On Oct. 17, 1989, the Loma Prieta earthquake hit California’s Bay Area destroying buildings, bridges and freeways and causing landslides and tsunamis. Sixty-three people were killed and thousands more were injured. It was one of the biggest earthquakes to hit the region in over 80 years.
After the devastating quake, many folks applied for government relief funds established under President Bush. The president allocated roughly $3.5 billion to help the people of northern California.
Rick Smith, who worked for the FBI’s counterintelligence San Francisco Soviet squad at the time, used this opportunity to meet a potential spy.
Spies Among Us
The FBI had learned that a known Soviet spy working under diplomatic cover had filed a claim for losses from the earthquake. When Smith heard this, he believed it was an opportunity to make repeated payments to the spy in the hopes of being able to recruit him to work on behalf of the U.S.
At the first meeting, Smith along with fellow FBI agents told the Soviet, “We can offer your full claim, come meet us again.” The spy agreed. However, at the second meeting, the Soviet spy didn’t come alone…
He brought with him the head of Soviet counterintelligence in San Francisco. At that point, the operation was over. The fact that the Soviet boss was there meant that the spy the FBI was attempting to turn had simply reported the whole thing to his boss.
The reality is when most people think about espionage in the U.S., they picture spies working out of embassies in Washington, D.C., or conducting dead drops in wooded parks in northern Virginia. While this is true, the fact is there are spies all over the U.S. — and the number of foreign spies is growing, especially in Silicon Valley.
Obviously, these spies aren’t targeting government secrets, but rather, they’re looking for trade and technology information they can share with their government. The problem is most tech companies aren’t prepared to deal with espionage.
And it’s not only Russia that is operating heavily in Silicon Valley. Chinese agents are also carrying out spying in hopes of sharing technology with Chinese companies.
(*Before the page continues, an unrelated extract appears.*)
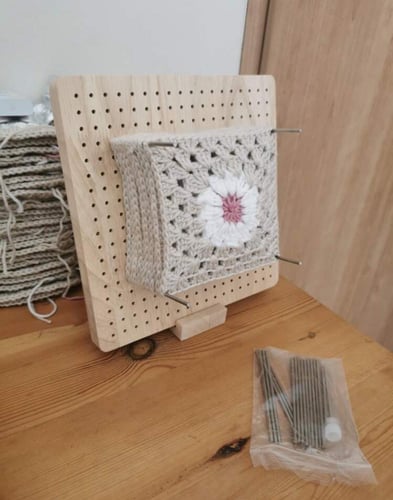 قاعدة شد ودات خشب متين مع اعواد ستيل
Silicon Valley is known for its liberalism. Many technology companies are inept or too politically delicate to increase security protocols and screenings of their employees.
In other words, they don’t want to hurt any feelings or upset the political climate. In addition, many tech companies in Silicon Valley simply don’t report cases of potential tech espionage.
According to LaRae Quy, a former Palo Alto-based FBI counterintelligence agent, “They would have an employee sell technology to, say, the Russians or the Chinese, and rather than let their stockholders or investors know about it, they just let it walk.”
In July, for example, a Silicon Valley-based Apple employee, Xiaolang Zhang, allegedly stole information on Apple’s self-driving car technology to benefit a China-based competitor.
You’re on Your Own
Here’s the thing: Spying in Silicon Valley isn’t new. It’s been going on for decades, but has increased dramatically in recent years — especially by Russia.
The reason this is such a concern is because everyone knows Silicon Valley is the tech capitol of the world. And sadly, many of these tech companies don’t take the necessary security steps to keep out potential spies.
When it comes to technology, it’s up to you to protect yourself since you can’t rely on the tech companies to do so. The big tech companies say they care about cybersecurity and protecting your privacy, but it’s not true.
This is why you have to be careful when you are turn your life over to technology and the expanding Internet of Things. Whether it’s your thermostat or refrigerator or home automation hub (like Alexa), hackers can easily tap into these devices to spy on you.